When you’re building your coaching website, one of the first questions that comes up is: what pages do I actually need? Too many pages and you risk overwhelming visitors with clutter. Too few, and you may not provide enough information for potential clients to trust you. Getting the balance right matters, because the structure of your site directly affects how professional you look, how easily people can take action, and ultimately whether they choose to work with you.
In this article, we’ll walk through the core pages every coaching website should include, the pages that give your site more impact, and optional extras that add polish. By the end, you’ll know exactly what to prioritise if you’re just starting out, and how to grow your site as your coaching business develops.
Essential vs Conversion vs Optional Pages
Before diving into each page, here’s a quick overview to help you prioritise. You don’t need everything on day one. Start lean and layer in more pages as your offers, proof and audience grow.
Type of Page | Must-Haves | Nice-to-Haves | When to Add |
---|---|---|---|
Essential | Homepage, About, Services, Contact | — | Right from the start |
Conversion-Boosting | Testimonials, Blog, Lead Magnet Landing Page | Case Studies | As soon as possible |
Optional / Advanced | FAQ, Legal Pages, Booking Page | Media / Press Page | Once your business grows |
The Essential Core Pages
Homepage
Your homepage is often the very first impression someone will have of you. In a few seconds, a visitor will decide whether you look credible, whether your message resonates, and whether it’s worth their time to keep browsing.
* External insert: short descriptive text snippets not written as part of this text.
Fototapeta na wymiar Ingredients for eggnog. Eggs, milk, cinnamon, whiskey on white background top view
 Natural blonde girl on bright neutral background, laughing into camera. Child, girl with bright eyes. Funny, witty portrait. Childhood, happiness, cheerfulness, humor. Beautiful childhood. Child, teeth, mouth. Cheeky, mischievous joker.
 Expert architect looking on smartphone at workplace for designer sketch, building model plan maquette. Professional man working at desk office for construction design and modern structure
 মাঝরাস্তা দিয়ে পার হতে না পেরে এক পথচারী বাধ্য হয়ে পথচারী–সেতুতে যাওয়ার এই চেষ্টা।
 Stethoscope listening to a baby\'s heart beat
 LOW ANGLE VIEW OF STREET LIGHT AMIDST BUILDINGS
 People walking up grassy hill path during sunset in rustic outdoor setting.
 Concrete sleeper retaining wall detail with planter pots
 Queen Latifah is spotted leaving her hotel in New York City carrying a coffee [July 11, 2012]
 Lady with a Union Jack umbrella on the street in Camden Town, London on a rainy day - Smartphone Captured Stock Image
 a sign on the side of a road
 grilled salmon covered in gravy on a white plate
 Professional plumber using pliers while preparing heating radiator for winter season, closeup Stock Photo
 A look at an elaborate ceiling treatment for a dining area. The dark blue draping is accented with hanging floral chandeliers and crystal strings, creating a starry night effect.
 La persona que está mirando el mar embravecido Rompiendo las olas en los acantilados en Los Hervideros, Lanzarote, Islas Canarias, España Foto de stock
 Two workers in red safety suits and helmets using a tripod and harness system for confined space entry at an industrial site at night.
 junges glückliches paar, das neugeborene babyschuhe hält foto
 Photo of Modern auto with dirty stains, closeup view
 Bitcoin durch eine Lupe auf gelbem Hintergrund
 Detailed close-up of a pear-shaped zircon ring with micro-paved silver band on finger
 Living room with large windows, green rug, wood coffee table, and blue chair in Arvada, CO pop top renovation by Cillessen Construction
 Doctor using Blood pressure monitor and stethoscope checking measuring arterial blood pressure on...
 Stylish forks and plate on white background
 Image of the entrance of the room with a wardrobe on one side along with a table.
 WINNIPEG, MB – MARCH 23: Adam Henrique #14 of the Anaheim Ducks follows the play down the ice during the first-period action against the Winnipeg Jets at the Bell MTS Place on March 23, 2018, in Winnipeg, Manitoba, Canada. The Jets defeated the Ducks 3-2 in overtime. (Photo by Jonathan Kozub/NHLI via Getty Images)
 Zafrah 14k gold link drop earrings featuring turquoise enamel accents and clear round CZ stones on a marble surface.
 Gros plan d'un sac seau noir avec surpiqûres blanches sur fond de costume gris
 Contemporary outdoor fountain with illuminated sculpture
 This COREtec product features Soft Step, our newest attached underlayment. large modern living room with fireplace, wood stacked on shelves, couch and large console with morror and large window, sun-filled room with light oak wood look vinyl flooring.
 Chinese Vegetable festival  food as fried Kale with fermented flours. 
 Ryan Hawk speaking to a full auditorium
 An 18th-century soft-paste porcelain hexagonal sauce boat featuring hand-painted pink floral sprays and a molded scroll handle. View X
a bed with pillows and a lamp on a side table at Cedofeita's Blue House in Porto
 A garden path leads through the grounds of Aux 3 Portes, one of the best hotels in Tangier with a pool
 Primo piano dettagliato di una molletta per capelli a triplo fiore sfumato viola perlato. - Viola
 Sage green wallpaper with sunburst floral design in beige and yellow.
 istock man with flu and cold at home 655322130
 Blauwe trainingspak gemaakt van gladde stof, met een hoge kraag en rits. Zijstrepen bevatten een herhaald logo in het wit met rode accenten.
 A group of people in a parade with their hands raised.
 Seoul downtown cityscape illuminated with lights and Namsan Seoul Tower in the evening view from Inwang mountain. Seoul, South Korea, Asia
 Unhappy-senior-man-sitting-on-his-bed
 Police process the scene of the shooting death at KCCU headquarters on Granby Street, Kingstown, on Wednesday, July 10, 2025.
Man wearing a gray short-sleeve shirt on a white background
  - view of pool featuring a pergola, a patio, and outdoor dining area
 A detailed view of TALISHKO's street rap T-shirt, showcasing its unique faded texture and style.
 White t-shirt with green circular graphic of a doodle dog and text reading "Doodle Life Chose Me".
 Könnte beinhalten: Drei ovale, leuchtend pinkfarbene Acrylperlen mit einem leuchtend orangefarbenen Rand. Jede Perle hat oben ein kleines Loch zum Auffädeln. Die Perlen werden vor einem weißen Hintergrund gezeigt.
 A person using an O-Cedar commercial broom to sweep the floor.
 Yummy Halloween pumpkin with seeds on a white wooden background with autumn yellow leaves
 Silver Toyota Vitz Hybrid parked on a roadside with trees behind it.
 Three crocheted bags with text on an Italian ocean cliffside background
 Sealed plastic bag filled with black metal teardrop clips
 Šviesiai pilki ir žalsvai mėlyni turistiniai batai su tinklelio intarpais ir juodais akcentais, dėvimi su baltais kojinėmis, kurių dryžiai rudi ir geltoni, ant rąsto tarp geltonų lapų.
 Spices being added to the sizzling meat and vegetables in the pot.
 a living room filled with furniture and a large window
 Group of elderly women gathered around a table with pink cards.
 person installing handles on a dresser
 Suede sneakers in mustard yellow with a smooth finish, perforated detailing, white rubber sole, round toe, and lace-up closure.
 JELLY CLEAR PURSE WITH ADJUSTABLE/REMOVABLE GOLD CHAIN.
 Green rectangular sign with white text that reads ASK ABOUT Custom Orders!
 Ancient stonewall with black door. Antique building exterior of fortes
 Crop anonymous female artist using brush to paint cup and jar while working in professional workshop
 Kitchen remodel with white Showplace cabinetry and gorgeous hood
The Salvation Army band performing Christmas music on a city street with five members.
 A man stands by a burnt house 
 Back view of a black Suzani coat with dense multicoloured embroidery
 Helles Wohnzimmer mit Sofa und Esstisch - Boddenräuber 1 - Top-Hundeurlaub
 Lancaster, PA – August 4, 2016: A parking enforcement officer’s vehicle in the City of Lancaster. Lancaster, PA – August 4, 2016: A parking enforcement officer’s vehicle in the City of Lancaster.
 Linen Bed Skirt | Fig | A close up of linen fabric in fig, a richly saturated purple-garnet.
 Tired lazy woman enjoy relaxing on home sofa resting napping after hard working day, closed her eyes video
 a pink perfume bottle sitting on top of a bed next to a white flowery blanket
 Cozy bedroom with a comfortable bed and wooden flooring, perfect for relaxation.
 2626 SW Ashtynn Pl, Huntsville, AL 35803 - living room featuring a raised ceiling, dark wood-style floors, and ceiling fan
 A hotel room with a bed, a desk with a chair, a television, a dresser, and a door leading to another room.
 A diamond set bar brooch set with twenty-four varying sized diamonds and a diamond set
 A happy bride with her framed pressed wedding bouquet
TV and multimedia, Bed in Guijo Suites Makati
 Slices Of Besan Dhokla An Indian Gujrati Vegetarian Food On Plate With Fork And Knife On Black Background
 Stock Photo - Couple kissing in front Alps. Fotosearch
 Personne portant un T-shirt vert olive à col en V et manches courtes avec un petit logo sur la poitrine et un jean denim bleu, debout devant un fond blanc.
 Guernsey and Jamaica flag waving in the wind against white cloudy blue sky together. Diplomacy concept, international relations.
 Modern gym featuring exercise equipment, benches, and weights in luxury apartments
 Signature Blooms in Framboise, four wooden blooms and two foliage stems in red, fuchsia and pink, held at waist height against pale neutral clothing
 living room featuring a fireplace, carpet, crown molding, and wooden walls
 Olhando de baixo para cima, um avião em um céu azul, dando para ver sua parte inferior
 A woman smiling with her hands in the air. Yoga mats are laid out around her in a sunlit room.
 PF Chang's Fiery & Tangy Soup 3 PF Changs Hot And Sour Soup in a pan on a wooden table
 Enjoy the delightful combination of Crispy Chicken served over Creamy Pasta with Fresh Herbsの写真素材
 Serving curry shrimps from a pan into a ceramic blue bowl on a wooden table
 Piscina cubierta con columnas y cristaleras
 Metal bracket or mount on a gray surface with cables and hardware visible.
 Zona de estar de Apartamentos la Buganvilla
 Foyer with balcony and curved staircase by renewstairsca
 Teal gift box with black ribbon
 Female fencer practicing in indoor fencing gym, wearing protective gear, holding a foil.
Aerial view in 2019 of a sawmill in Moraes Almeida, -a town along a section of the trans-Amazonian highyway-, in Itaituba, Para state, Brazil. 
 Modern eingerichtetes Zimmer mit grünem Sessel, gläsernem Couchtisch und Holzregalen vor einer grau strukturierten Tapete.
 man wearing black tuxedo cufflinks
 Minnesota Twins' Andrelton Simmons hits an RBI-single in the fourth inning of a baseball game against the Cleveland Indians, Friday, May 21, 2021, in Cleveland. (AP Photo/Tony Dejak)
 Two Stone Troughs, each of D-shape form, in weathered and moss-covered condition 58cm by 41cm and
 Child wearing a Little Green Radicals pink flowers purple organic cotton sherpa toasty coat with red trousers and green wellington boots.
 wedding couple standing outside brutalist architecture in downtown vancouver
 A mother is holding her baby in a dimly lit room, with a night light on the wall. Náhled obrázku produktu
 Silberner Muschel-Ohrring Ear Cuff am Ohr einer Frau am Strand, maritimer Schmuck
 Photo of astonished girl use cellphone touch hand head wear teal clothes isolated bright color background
A strong homepage makes it crystal clear what you do, who you serve, and how you help them.
Think of the homepage as a high-level overview with signposts to the rest of the site. It should introduce your core offer, highlight the outcomes you deliver, and show people exactly what step to take next – for example, booking a call or exploring your services page. Clarity beats cleverness here.
Keep copy tight and purposeful. Use short sections, meaningful sub-headings and a single primary call-to-action near the top. If you’re not sure what to write, this guide to transforming your coaching website content will help you turn vague ideas into persuasive messaging.
- Headline starters: “Helping [ideal client] achieve [result] without [common pain point].”
- “Coaching for [specific group] who want to [goal].”
- “Turn [struggle] into [desired transformation].”
About Page
In coaching, people buy you as much as they buy your service. Your About page isn’t a resume or a memoir – it’s a trust builder. Share why you do this work, the values that guide you, and the kind of outcomes clients can expect. Your goal is for visitors to think, “I like this person, they understand me, and I’d feel comfortable working with them.”
Lead with a short, relevant story that connects to your niche, then weave in credibility: qualifications, key results, notable clients or media. Close with a clear next step: invite readers to view your services or book a quick call.
Use warm, natural photos (ideally in-action shots) rather than stiff headshots only. For structure and examples, see how to write a coaching bio that sells.
- Story: the “why” behind your coaching
- Authority: highlights that build credibility
- Outcomes: what working with you changes
- CTA: where to go next
Services / Coaching Packages
Your services page is where browsers become buyers. Focus on outcomes, not just logistics. Instead of listing “6 x 60-minute sessions”, lead with the transformation: what life or business looks like after working with you.
Make it easy to compare offers. Use clear names, who each package is for, what’s included, expected timeframes, and what success looks like. If you’re early in business, start with one core offer to avoid analysis paralysis for visitors.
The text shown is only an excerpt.